入力者 山下章太 更新日 20071015

アレンジャーとは、借入人との間でマンデート・レター(指名書)を取得し、借入人と参加金融機関との利害調整を行い、 シンジケートローンを組成するものをいいます。

アレンジャーは、借入人との間でシンジケートローン組成に関する準委任契約が成立すると考えられていますので、 準委任契約に基づき、参加金融機関の招聘を行うことになります。

ただし、アレンジャーは参加金融機関のために、借入人と融資条件を詰めたり、 ドキュメンテーションを作成したりしますので、単純な借入人との準委任契約と割り切ることが出来ない部分も存在します。

借入人との関係

借入人との関係においては、以下のような点を考慮して、案件をアレンジしていくことになります。

  • タームシートに記載された融資条件案はあくまで大枠を示した骨子にすぎないこと
  • ベストエフォート方式の場合、組成額が予定額を下回る可能性があること
  • 市場環境によっては組成を中止する可能性があること

参加金融機関との関係

金融機関は、シンジケートローンの検討を、借入人が作成したインフォメーションメモランダムを基に行っていきますが、 アレンジャーは元々、借入人のメインバンクである場合が多く、他の金融機関が有していない情報を有している可能性があります。 よって、アレンジャーが取得している情報をどこまで開示すべきかという問題点が存在しています。

アレンジメント・フィーについて

アレンジメント・フィーは、先に述べた出資法との関係で以下のような法的な論点が存在しています (参考:きんざい『シンジケートローンの実務』)。

  • ローン契約が成立しなくても、フィーを受領できるか?
  • ローン契約が成立すれば、貸付が現実に実行される前でも、フィーを受領できるか?

前者は、出資法第4条第1項における「媒介に係る貸借の金額」という点で問題となりますが、 一般的には”媒介によって成立した貸借の金額”と解釈されていますので(参考:斎藤正和『出資法(改訂版)』青林書院)、 実務上はアレンジメント・フィーはローン契約の成立を待って受領するケースが多いと思われます。

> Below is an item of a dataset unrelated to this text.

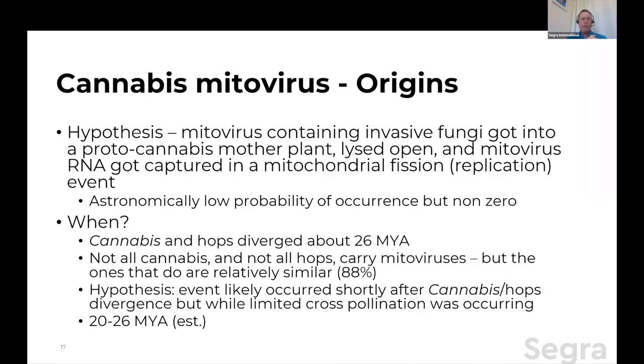So where did it come from? My hypothesis is that mitovirus-containing invasive fungi — we know it's very prevalent in fungi — got into what I'm going to call a proto-cannabis mother plant. This fungi lysed open, mitovirus RNA was floating around, there happened to be a mitochondrial fission replication event going on right then, and one of these got inside that mitochondria and got captured. This is literally an astronomically low probability of occurrence, but in biology, when you're dealing with millions of years over millions of plants, sometimes you win the lottery. And that's what I think happened here in an early cannabis progenitor, or proto-cannabis.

後者は、”媒介によって成立した貸借の金額”は、@実際に貸付が実行された金額を意味するとしている立場と、 A商法543条での「媒介」の解釈に従い、”契約締結に尽力する事実行為”という立場の2つがあります。

なお、実際には、アレンジャーが複数行存在する場合(コ・アレンジャー)がありますが、 出資法第4条第1項との関係において複数のアレンジャーが存在する場合、アレンジメント・フィーは貸借金額の5%以内でなければならないと 解釈されています。

シンジケート団の組成方式

シンジケート団を組成する方式には大きく以下の2つが存在しています。

  • アンダーライト方式
    一定額のシンジケート団の組成を確約する引受方式
  • ベストエフォート方式
    一定額のシンジケート団の組成を確約しない引受方式

アンダーライト方式は、マンデート取得時点において資金調達額が確定するため、借入人にとっては有用な方法ですが、 アレンジャーのリスクは、ベストエフォート方式と比べると当然高くなります。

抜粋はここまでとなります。